Analysis of the laminar flamelet concept for nonpremixed laminar flames

The goal of this paper is to investigate the application of the laminar flamelet concept to the multidimensional numerical simulation of nonpremixed laminar flames. The performance of steady and unsteady flamelets is analyzed. The deduction of the mathematical formulation of flamelet modeling is exposed and some commonly used simplifications are examined. Different models for the scalar dissipation rate dependence on the mixture fraction variable are analyzed. Moreover, different criteria to evaluate the Lagrangian-type flamelet lifetime for unsteady flamelets are investigated. Inclusion of phenomena such as differential diffusion with constant Lewis number for each species and radiation heat transfer are also studied. A confined co-flow axisymmetric nonpremixed methane/air laminar flame experimentally investigated by McEnally and Pfefferle (Combust. Sci.
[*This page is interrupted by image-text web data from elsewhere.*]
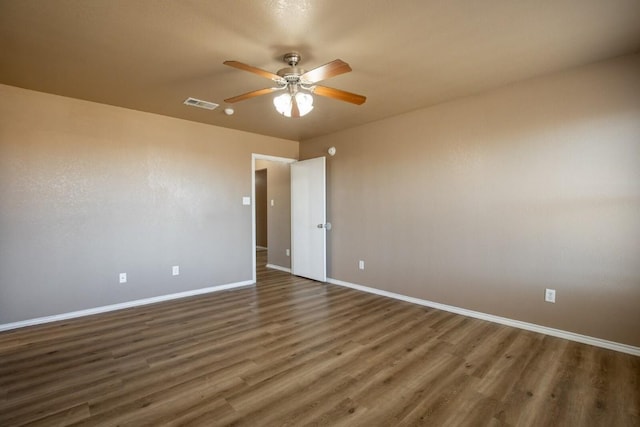 spare room with ceiling fan and dark hardwood / wood-style flooring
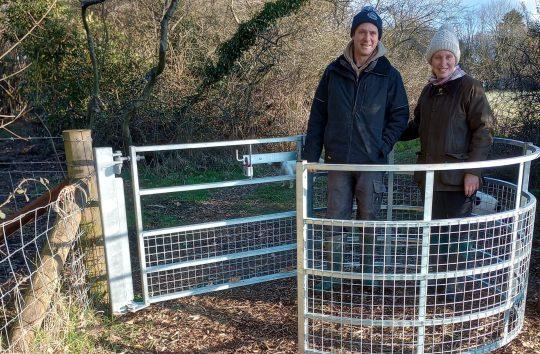 Two people going through a newly installed accessible gate at Bolt Hole Farm.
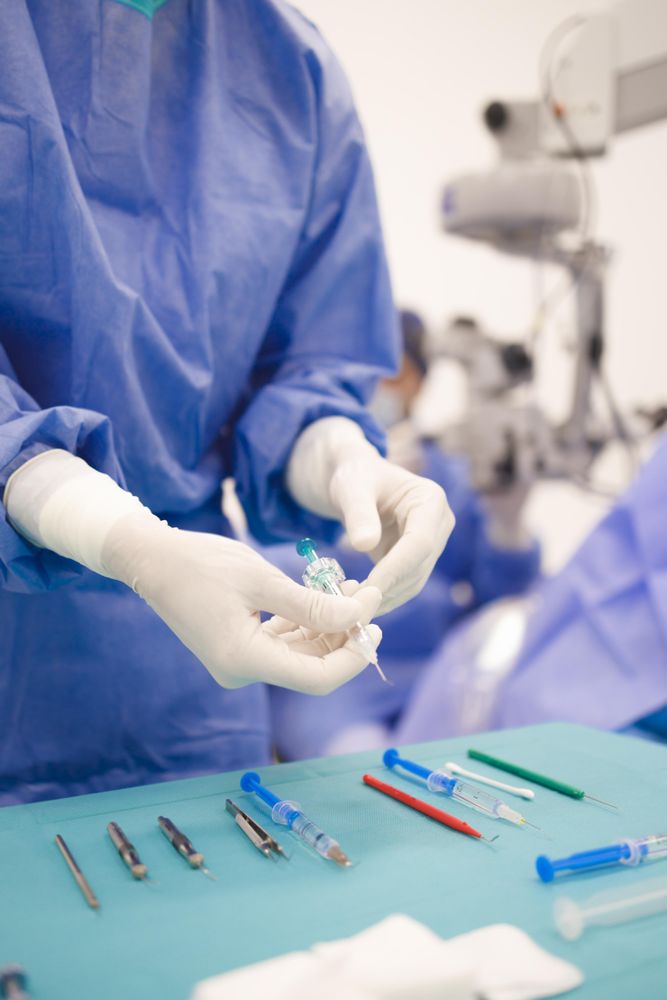 Doctor picking up tools from table in surgery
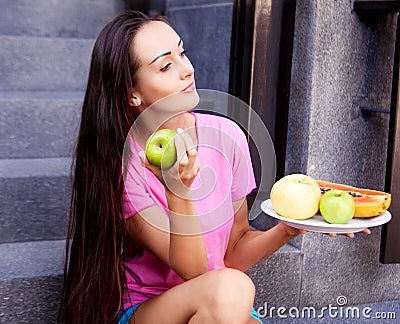 Woman with fruit Stock Photo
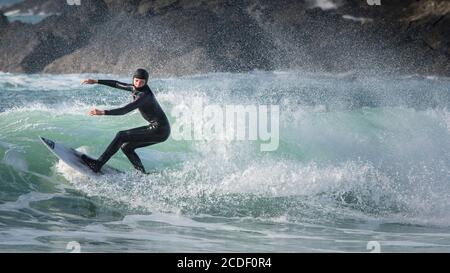 A panoramic image of a young surfer riding a wave at Fistral in Newquay in Cornwall. Stock Photo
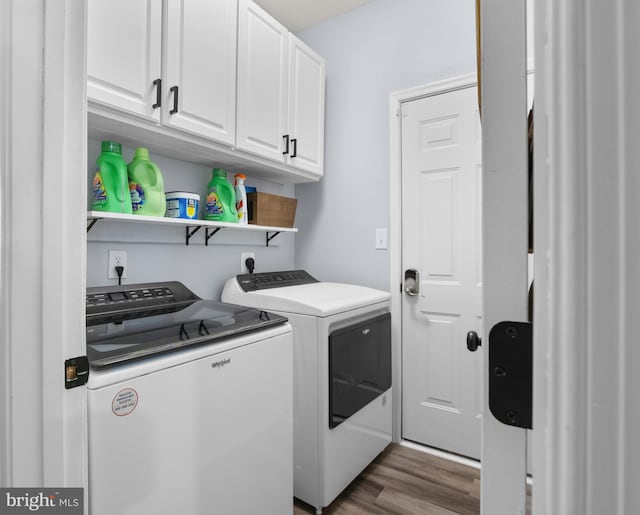 362 Hoffeckers Mill Dr, Smyrna, DE 19977 - laundry area with washer and dryer, cabinet space, and wood finished floors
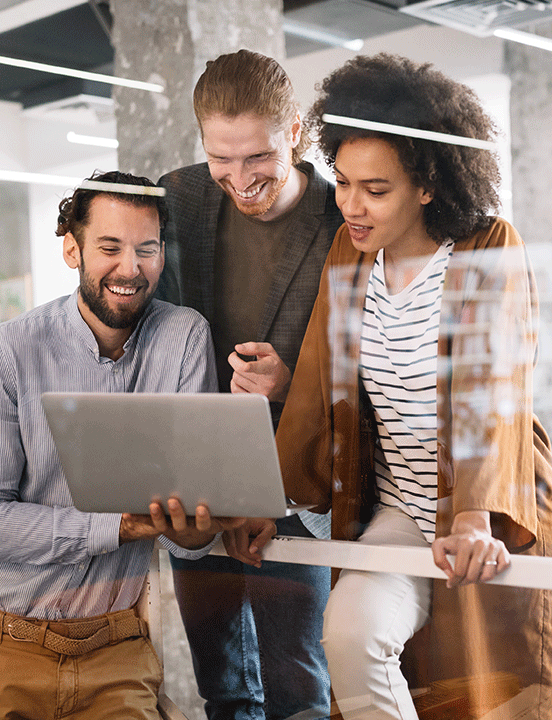 employees gathered around computer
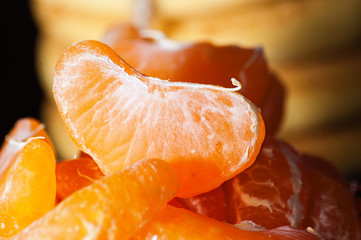 Slices of tangerine macro closeup on background of homemade cookies, holidays time, Easter or Christmas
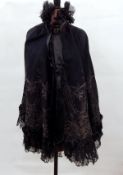 Black wool Victorian cloak, heavily embroidered with ribbon detail,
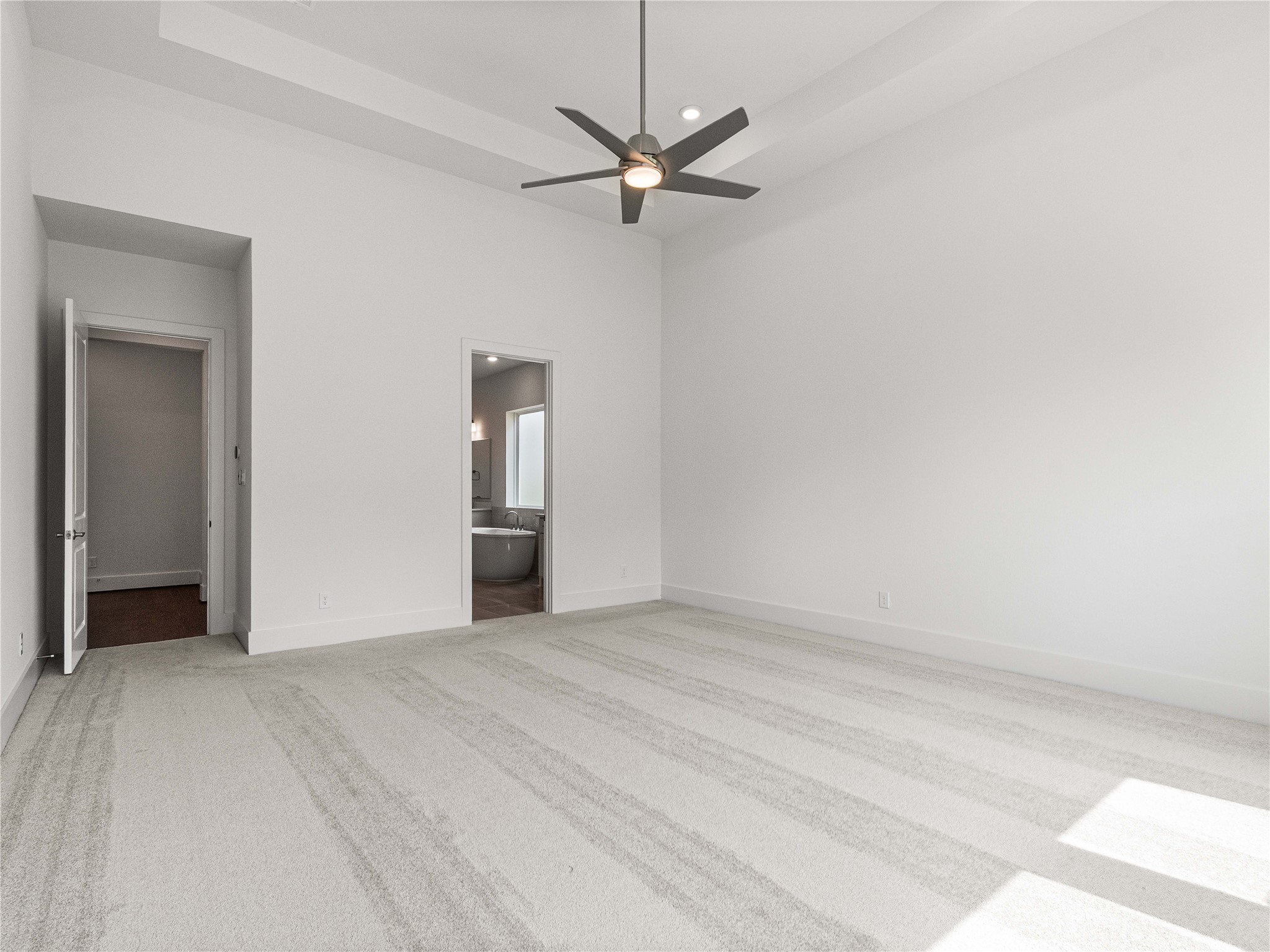 4926 Grapevine Lane Manvel, TX 77578 - Photo 28 of 41 a view of a livingroom with a ceiling fan and wooden floor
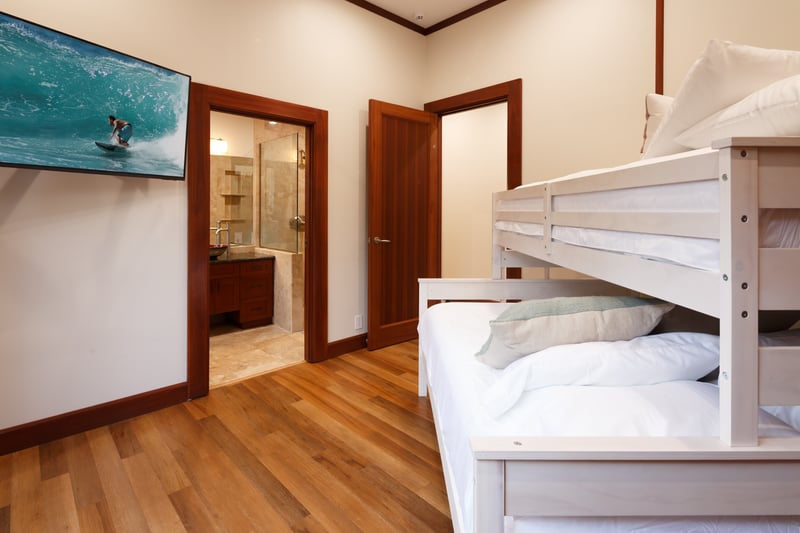 Fourth bedroom sleeps up to five with a Queen bed below and a Twin on top, great for families.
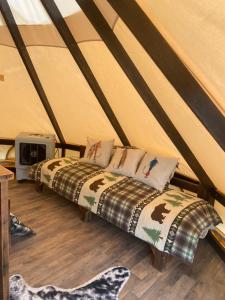 a bed in a tent with pillows on it at Simeon in Duchesne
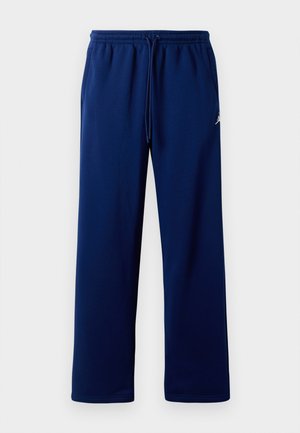 Pantaloni da tuta blu navy con vita elasticizzata e cordoncino. Presentano una texture liscia e un piccolo logo sul lato sinistro.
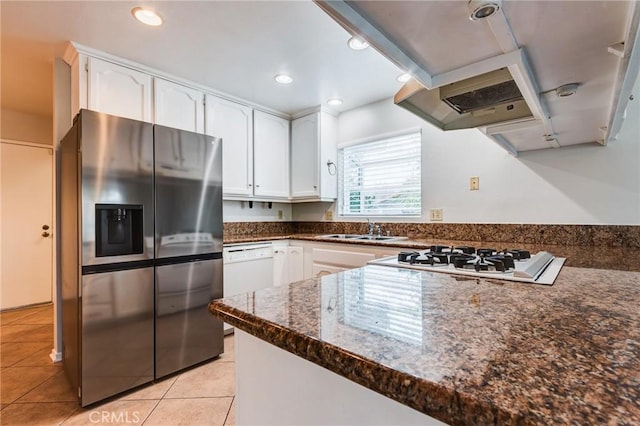 kitchen featuring light tile patterned floors, recessed lighting, white cabinets, a sink, and white appliances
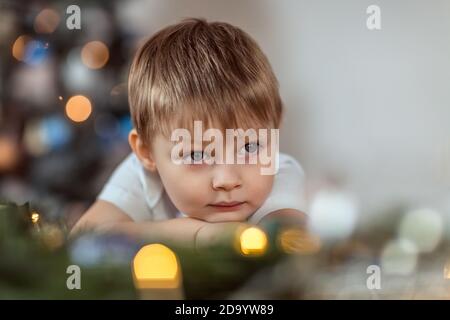 Ein schöner Junge von 4-5 Jahren sitzt oder steht in der Nähe des Weihnachtsbaums. Er träumt von einem Urlaub und Geschenke, macht einen Wunsch. Das Konzept des wi Stockfoto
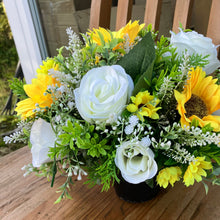 a grave side pot with flowers in shades of yellow and cream
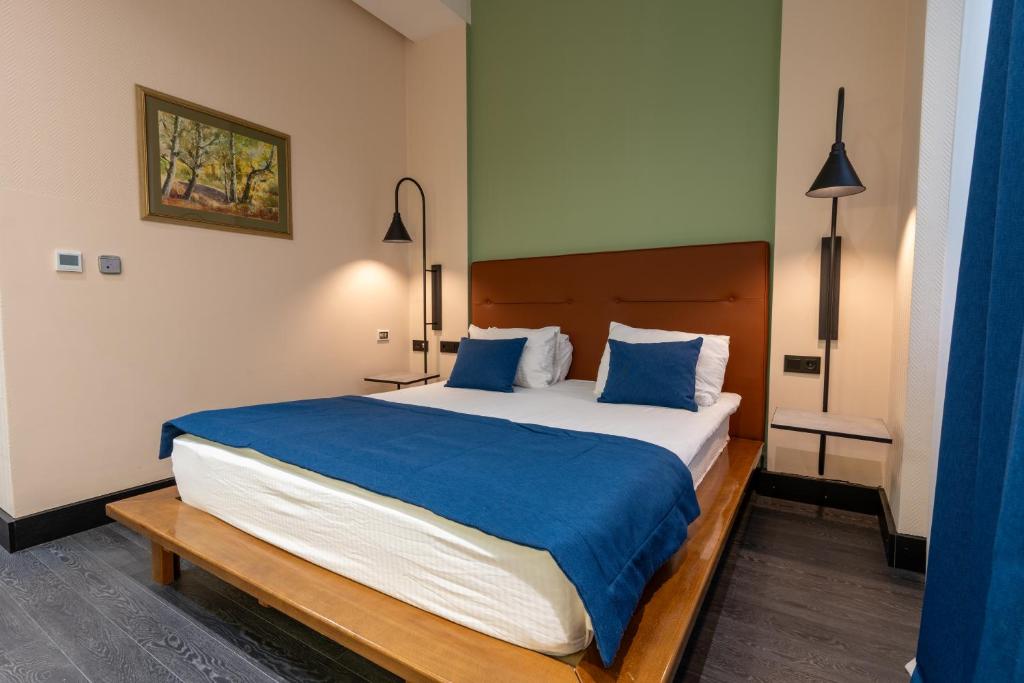 Postel nebo postele na pokoji v ubytování Hotel Astra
Technol. 116–117 (1996) 183–209) and numerically investigated by Bennett, McEnally, Pfefferle, and Smooke (Combust. Flame 123 (2000) 522–546), Cònsul, Pérez-Segarra, Claramunt, Cadafalch, and Oliva (Combust. Theory Modelling 7 (3) (2003) 525–544), and Claramunt, Cònsul, Pérez-Segarra, and Oliva (Combust. Flame 137 (2004) 444–457) has been used as a test case. Results obtained using the flamelet concept have been compared to data obtained from the full resolution of the complete transport equations using primitive variables. Finite-volume techniques over staggered grids are used to discretize the governing equations. A parallel multiblock algorithm based on domain decomposition techniques running with loosely coupled computers has been used. To assess the quality of the numerical solutions presented in this paper, a verification process based on the generalized Richardson extrapolation technique and on the grid convergence index (GCI) has been applied.